Input data:
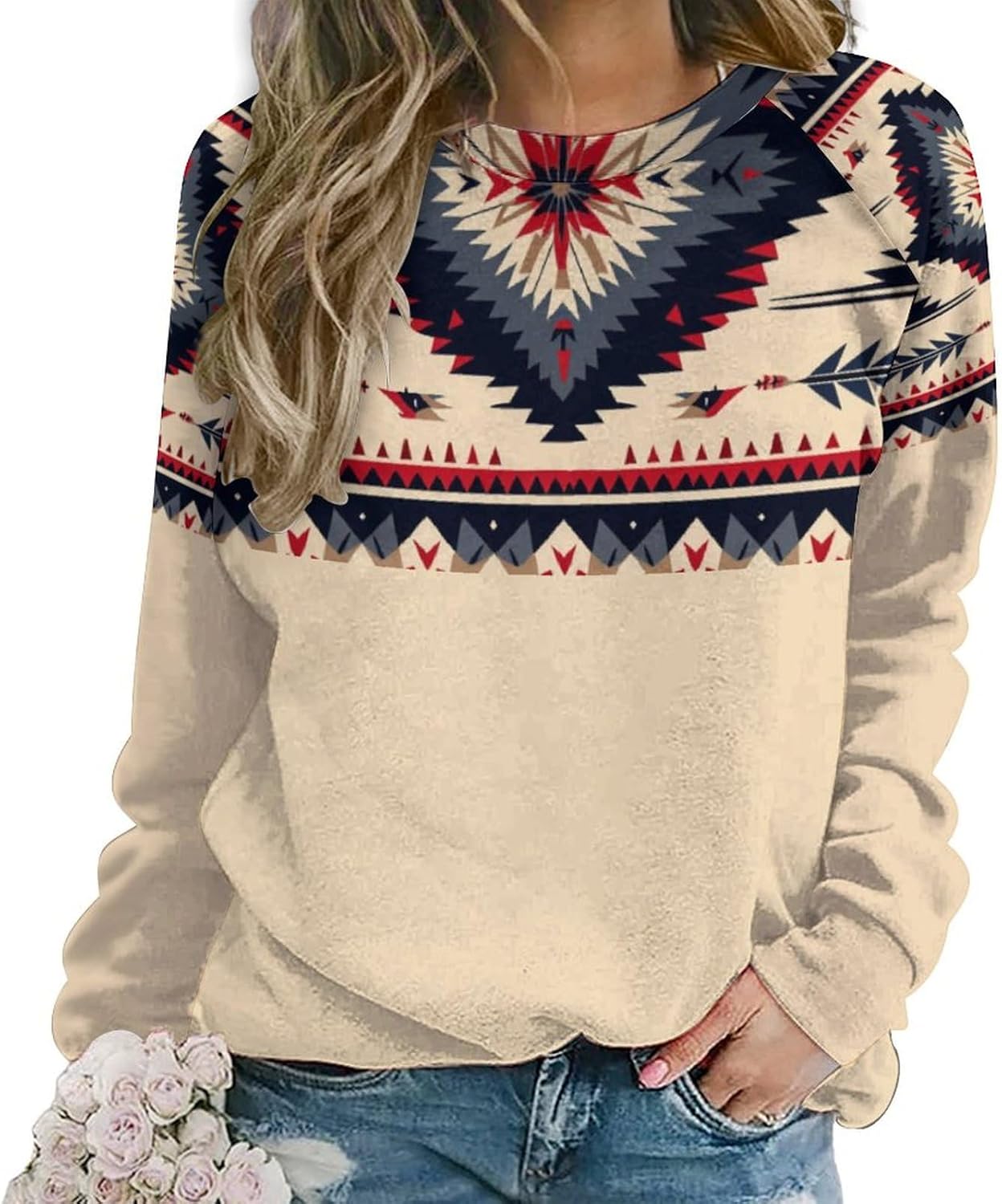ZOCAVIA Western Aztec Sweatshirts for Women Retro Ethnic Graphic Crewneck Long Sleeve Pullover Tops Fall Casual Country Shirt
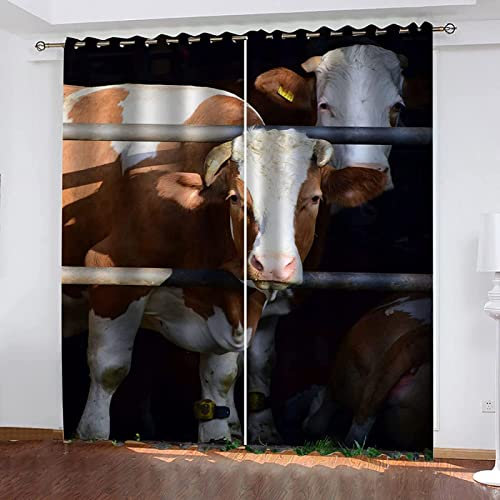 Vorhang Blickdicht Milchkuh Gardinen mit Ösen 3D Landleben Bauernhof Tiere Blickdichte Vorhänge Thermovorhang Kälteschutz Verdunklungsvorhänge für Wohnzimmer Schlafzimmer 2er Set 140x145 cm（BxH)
==
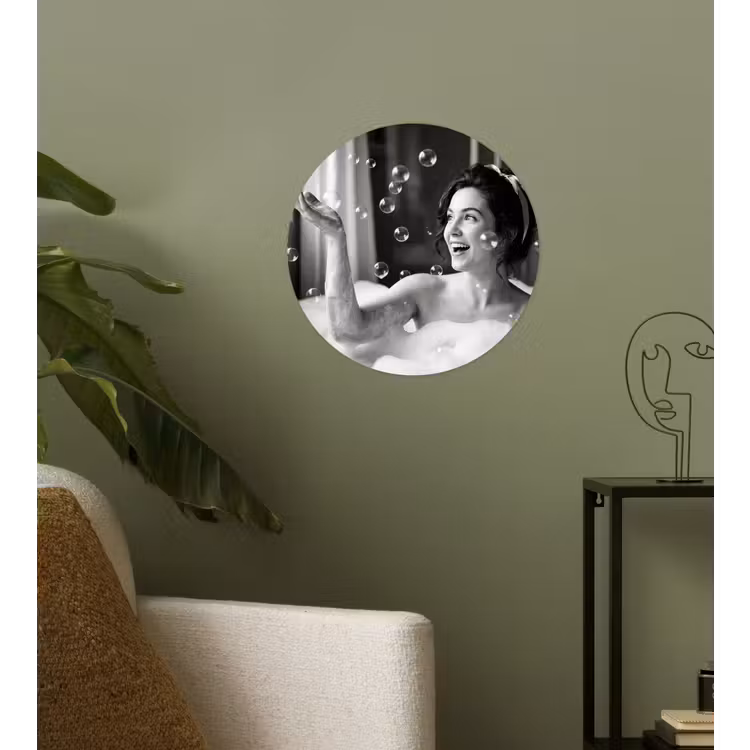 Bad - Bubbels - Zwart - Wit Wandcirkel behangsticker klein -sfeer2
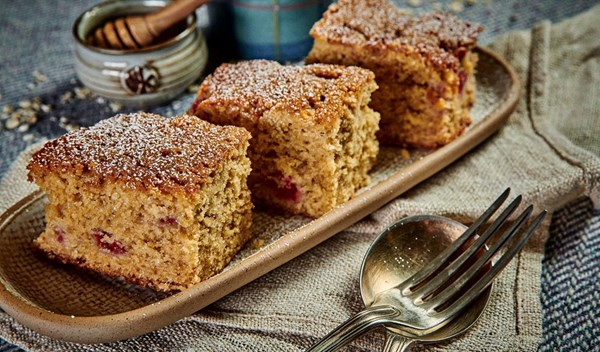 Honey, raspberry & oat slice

Your objective: Extract, without any images, the part of the material above that opens with the line containing "Bad - Bubbels" and closes with the line containing "Honey, raspberry & oat slice", both lines included.

Solution for this problem:
 Bad - Bubbels - Zwart - Wit Wandcirkel behangsticker klein -sfeer2
 Honey, raspberry & oat slice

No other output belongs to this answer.